Data Mining

Graph-based Features for Supervised Link Prediction

Apr 24th, 2013 by Santosh

Actual Paper: http://www.islab.ntua.gr/attachments/article/63/06033365.pdf

Link predictions is done as a classification problem for a competition. 94 features were calculated and they are given as input for Random forests for classification. ROC is used for evaluation.

Study of network dynamics has numerous applications like marketers use it to recommend products to a person based on his contacts. Graph representation allows to use power of existing graph theory to solve this problem. This paper deals each edge as friendship and node as user. (In our project, each node is photo and edge is relationship between them.).

This problem is classification where prediction is find if link exists or not, but in real world it would be, which node has more probability of creating links with others and with which other nodes it has more probability of creating links.

In this paper, different similarity scores are considered as features. Scores should be normalized to a common scale wherever possible.

Instead of using the entire graph at once, sub-graphs are used to find prediction for a pair of nodes. A Sub graph for a pair of nodes is created by considering the neighbor nodes of those two nodes and constructing a graph with edges between such nodes. This can be done at different levels.

Score is calculated by considering top 10 related nodes of a node A, and then finding the intersection of those 10 nodes with the neighbour nodes of node B and calculating the sum of similarity of those intersection nodes and the node A. When there are fewer friends for a node, it is difficult to get proper semantics, so neighbour nodes are considered. But calculating the top 10 friends for Node A can be expensive.

Weights for edges between pair of nodes is calculated based on the degree of the nodes.
w = 1 / (sqrt(1+degree))

Using this weights, nearest neigbours were found.

ROC is used for evaluation.

Feasibilty, scalability and accuracy must be balanced.

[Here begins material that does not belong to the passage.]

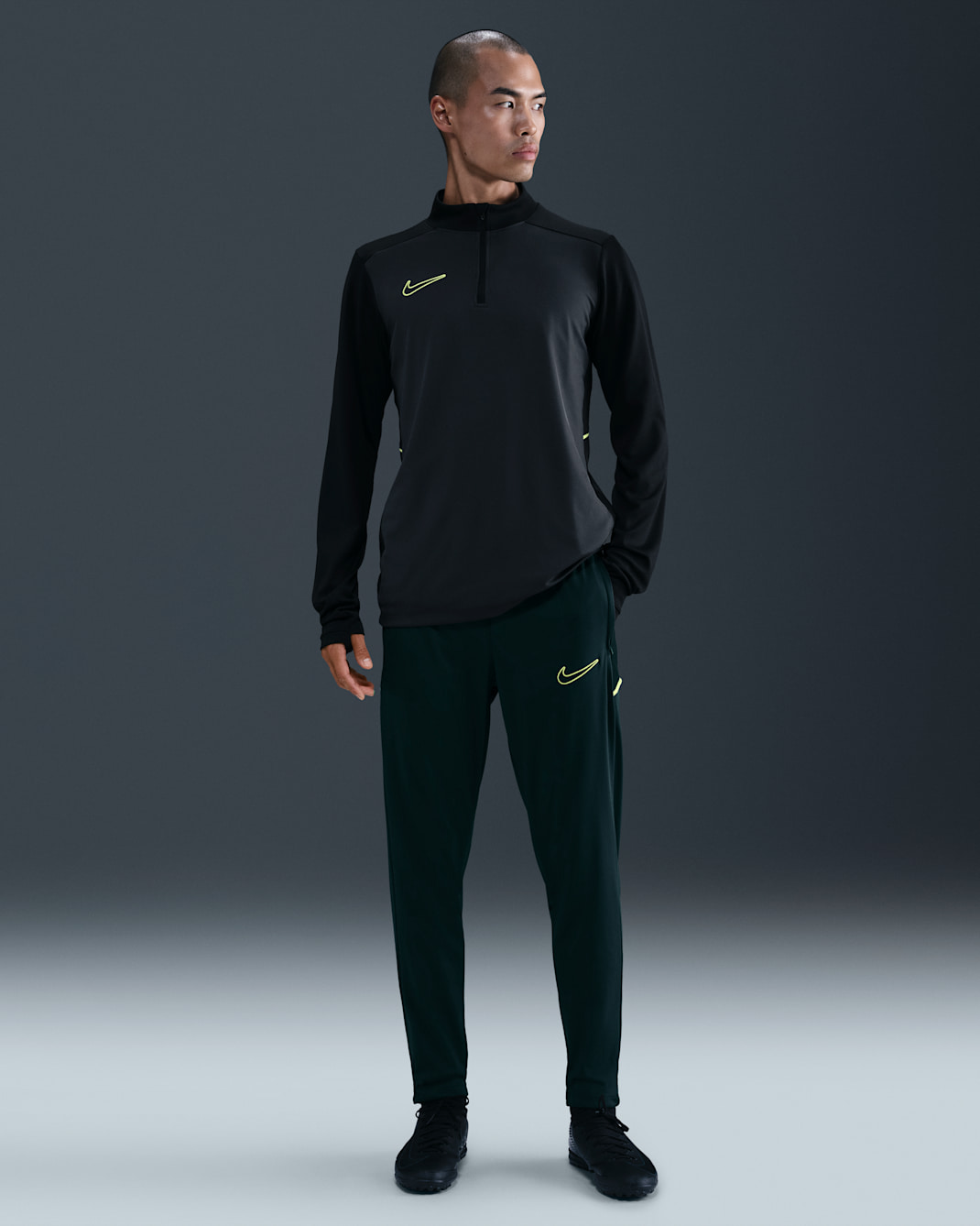 Nike Academy Men's Dri-FIT Soccer Pants - Seaweed/Black/Limelight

Posted in Uncategorized | No Comments »

Scalable Proximity Estimation and Link Prediction in Online Social Networks

Apr 24th, 2013 by Santosh

Actual Paper: http://www.cs.utexas.edu/~yzhang/papers/osn-imc09.pdf

Estimating proximity between nodes in social networks is challenging due to size and dynamic nature of networks. Proximity measure is the central measure in analysis of social networks. Proximity sketching and Proximity embedding are proposed in this paper. They are demonstrated using Link Prediction problem on multiple networks.

Simplest proximity estimations are based on the information flow between the nodes, between neighbors of nodes. Katz Measure, Rooted Page Rank and Escape probability are used in this paper.

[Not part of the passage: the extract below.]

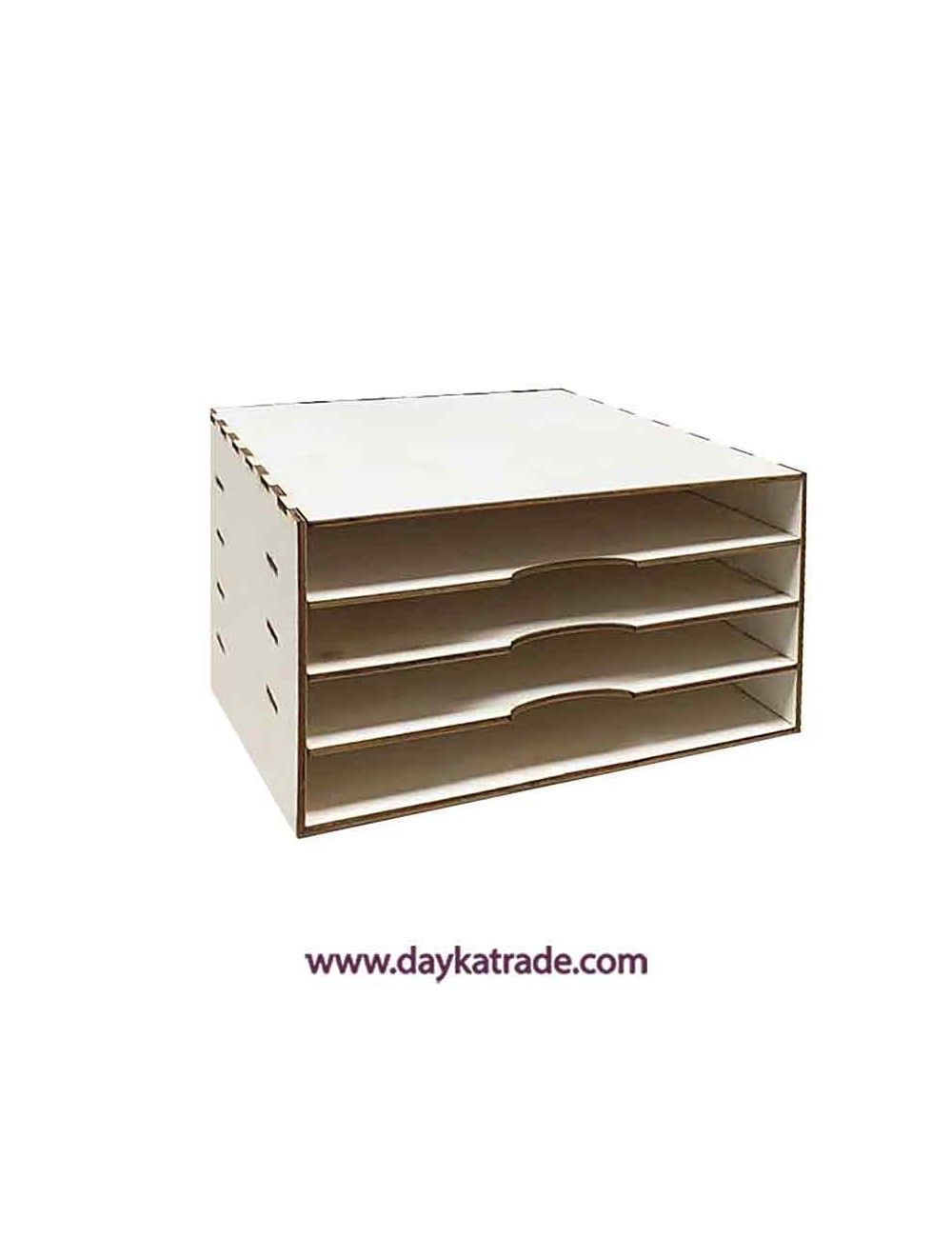 kit organizador de scrap de 4 huecos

We’ve studied more on link prediction part of this paper as we are interested solving this problem for the purpose of our project.

1. Basic Link Predictors: Link exists between a pair of nodes, if the similarity between the nodes crosses certain threshold value.
2. Composite Link Predictors: can be applied through Weka, using multiple predictors.

Proximity Measures:

Graph Based:
1. Shorted path distance between pair of nodes in existing graph.
2. Dijkstra is inefficient for graphs with large no. of nodes. In this paper, they applied expanded ring search.

Node neighbourhood based:
1. No of common neighbours.
2. More weight to common neighbors with small no. of friends.
3. Preferential attachment: Product of neighbours of both nodes.
4. PageRank: The PageRank of a node depends on the count of inbound links and the PageRank of outbound neighbors
5. Path ensemble based – Eg: Katz Measure.

For link prediction, they have divided data sets into three parts over time lines S1, S2, S3. Based on information from S1 and S2, they will predict links that will be formed in S3.

In the friendship link prediction problem, we construct the positive set as the set of user pairs that were not friends in the first snapshot, but become friends in the second snapshot. The negative set consists of user pairs that are friends in neither snapshots.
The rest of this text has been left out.